“Subversive Activity” is a reminder of why I like his work so much! Wry, deadpan humour; distinctive characters; fresh, deft writing; solid research that enhances rather than overwhelms the story – it’s very satisfying!
It’s especially delightful that this book is about one of my favourite themes – someone waking up to life! Caption Horatio de la Terre of the Royal Navy is the Naval Attache to the country of Maldona. He is rigidly traditional, an Englishman and naval officer with a lifetime’s training in keeping his expression neutral and his mind clean of thoughts and opinions he ought not have. His has been a life lived in small brown rooms, until it has become a small brown life.
This is the story of how all of that cracks, and the light gets in, and he discovers he has an imagination, and opinions – and that neither of these are quite what he would have expected, if he’d ever thought about it, which he hasn’t.

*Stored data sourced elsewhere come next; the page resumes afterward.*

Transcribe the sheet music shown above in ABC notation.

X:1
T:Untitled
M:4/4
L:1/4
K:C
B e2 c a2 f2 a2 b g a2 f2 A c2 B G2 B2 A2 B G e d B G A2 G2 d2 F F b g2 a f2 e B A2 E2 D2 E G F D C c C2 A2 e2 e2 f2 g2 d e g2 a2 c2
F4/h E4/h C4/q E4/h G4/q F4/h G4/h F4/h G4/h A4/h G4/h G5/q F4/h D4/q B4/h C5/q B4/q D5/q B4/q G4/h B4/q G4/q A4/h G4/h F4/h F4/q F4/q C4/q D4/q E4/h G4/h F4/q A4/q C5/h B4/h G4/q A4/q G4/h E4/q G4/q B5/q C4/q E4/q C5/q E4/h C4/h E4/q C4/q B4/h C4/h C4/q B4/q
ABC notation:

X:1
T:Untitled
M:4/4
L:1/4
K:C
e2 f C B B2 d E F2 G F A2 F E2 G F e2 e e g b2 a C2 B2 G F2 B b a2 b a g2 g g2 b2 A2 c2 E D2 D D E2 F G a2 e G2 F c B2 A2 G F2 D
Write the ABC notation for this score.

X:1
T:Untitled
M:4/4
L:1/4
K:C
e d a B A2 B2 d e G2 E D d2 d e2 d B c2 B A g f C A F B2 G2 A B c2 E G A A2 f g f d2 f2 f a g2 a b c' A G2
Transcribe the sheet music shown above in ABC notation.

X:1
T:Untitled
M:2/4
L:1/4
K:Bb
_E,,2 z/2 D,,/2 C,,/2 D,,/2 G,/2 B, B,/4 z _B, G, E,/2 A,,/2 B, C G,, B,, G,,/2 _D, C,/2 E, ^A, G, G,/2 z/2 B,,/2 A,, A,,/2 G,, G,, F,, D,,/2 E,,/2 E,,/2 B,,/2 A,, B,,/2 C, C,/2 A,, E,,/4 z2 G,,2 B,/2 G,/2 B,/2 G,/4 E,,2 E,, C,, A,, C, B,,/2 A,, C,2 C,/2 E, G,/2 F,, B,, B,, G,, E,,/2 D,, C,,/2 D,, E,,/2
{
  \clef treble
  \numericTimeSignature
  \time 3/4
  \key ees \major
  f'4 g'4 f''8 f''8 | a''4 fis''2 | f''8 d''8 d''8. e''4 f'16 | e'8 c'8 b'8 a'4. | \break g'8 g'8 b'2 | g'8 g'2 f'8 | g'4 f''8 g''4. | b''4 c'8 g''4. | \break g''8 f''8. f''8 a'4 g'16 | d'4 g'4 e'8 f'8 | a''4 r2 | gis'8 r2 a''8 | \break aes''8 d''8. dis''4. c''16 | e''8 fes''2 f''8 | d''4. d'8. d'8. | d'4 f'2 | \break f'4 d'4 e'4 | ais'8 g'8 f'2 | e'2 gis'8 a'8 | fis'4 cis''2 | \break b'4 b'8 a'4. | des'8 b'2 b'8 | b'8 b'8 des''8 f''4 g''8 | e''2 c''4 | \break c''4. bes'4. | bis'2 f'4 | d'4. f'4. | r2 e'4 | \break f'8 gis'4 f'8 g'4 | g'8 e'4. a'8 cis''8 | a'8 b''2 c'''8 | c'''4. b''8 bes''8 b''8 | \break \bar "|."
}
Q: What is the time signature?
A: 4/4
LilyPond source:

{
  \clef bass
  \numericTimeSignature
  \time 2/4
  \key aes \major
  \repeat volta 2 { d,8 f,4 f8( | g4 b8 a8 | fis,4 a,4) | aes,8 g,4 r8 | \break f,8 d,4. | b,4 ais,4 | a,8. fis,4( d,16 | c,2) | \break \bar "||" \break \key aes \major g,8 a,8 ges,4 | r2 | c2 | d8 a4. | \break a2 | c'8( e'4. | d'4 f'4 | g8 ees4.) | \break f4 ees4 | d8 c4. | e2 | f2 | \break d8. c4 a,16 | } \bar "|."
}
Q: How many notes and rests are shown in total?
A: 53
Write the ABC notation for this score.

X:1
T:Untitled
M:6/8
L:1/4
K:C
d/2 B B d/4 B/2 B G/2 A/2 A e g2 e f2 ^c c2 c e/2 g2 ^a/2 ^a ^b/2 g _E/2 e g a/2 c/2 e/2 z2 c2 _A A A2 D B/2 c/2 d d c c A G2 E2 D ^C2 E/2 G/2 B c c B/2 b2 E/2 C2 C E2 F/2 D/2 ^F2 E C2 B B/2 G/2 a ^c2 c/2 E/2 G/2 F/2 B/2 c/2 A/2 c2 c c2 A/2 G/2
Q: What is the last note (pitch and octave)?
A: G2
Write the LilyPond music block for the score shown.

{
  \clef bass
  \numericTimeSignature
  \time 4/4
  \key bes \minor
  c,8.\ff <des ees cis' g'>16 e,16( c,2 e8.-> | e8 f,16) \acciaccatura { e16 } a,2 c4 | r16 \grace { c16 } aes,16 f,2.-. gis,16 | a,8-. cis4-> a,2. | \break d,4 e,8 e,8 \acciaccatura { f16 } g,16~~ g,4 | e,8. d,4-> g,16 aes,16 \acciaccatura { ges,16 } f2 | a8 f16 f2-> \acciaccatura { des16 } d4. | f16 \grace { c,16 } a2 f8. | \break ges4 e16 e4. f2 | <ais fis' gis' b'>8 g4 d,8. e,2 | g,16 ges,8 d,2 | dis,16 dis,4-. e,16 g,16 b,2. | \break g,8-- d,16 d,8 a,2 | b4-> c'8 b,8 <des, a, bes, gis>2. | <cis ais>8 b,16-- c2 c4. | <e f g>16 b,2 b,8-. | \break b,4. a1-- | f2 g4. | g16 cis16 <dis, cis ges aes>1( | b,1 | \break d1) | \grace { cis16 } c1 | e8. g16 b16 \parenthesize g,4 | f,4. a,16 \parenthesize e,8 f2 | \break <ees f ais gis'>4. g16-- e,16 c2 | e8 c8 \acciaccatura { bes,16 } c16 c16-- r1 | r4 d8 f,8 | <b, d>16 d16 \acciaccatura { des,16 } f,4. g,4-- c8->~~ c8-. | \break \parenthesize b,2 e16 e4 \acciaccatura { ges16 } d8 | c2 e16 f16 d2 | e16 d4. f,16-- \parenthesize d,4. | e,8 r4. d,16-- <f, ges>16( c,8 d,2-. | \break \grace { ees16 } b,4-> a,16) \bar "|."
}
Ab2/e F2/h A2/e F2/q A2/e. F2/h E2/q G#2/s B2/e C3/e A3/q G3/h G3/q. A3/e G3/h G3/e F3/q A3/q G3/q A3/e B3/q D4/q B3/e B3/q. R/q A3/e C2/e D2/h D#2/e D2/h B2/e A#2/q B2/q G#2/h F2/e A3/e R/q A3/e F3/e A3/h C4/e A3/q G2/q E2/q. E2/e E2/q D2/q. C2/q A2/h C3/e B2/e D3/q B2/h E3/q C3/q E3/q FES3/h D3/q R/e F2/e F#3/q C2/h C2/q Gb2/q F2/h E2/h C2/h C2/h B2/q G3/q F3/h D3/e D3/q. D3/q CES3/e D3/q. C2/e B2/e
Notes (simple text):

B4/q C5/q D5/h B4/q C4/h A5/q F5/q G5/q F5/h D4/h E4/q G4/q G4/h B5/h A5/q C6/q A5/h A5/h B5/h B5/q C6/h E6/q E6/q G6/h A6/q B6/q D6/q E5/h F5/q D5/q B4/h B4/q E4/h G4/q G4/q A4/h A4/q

“Subversive Activity” is set in a kind of alternative Victorian history – the Moldonan landscape is littered with the convoluted politics of Tsarist Russia, the Ottoman Empire, and the Hapsburgs. It features the brash, daring, brilliant Letty and Hetty, identical twins sisters who are in the midst of revolutionising seagoing engineering. There are spies and counterspies, and sometimes these are the same people.
It’s as warped and complicated as a plot by Wodehouse, charging on at a wonderful rate of knots. De la Terre is particularly fun, because his habitual non-expression leads other people to think he is more clever and knowledgable than he really is. His blank-faced puzzled silences are taken for cunning strategy, and this – plus his dazzlement by the exceedingly and captivatingly un-English Letty – are the chisel that cracks apart that small, brown shell of his world.